*** Opening Recorded data ***
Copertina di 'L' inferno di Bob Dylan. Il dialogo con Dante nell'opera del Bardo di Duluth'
*** Closing Recorded data ***
*** Opening Recorded data ***
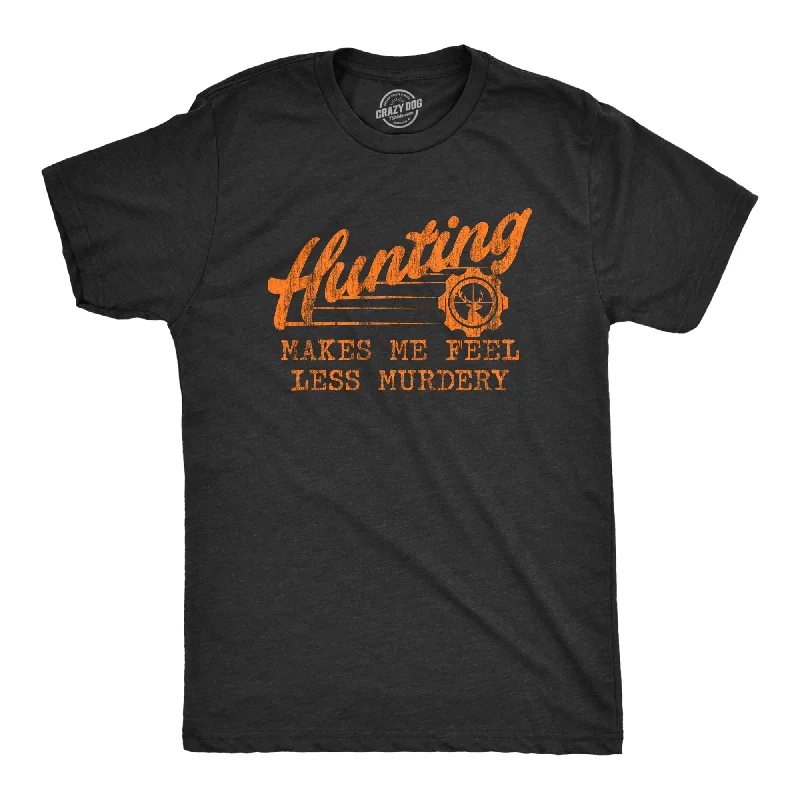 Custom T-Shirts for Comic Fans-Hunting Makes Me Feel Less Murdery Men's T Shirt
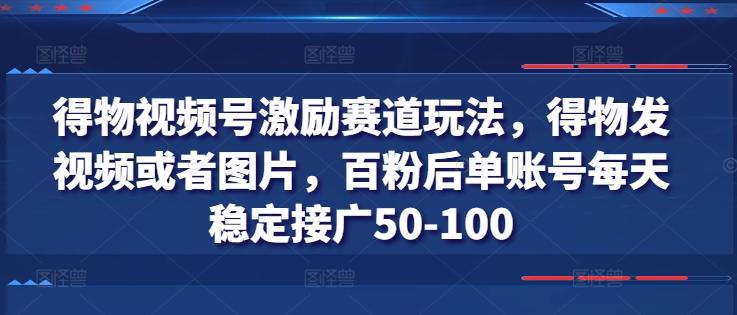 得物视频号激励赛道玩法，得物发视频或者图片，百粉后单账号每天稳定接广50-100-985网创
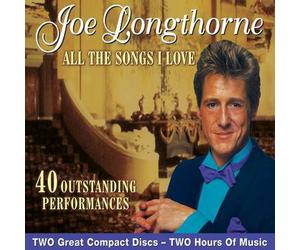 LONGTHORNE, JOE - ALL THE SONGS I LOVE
*** Closing Recorded data ***
§ What the task requires
Copy nothing but the lines above that run from the one with "Custom T-Shirts for" to the one with "LONGTHORNE, JOE - ALL THE SONGS I LOVE", ends included; pictures stay out.

§ Response area
 Custom T-Shirts for Comic Fans-Hunting Makes Me Feel Less Murdery Men's T Shirt
 得物视频号激励赛道玩法，得物发视频或者图片，百粉后单账号每天稳定接广50-100-985网创
 LONGTHORNE, JOE - ALL THE SONGS I LOVE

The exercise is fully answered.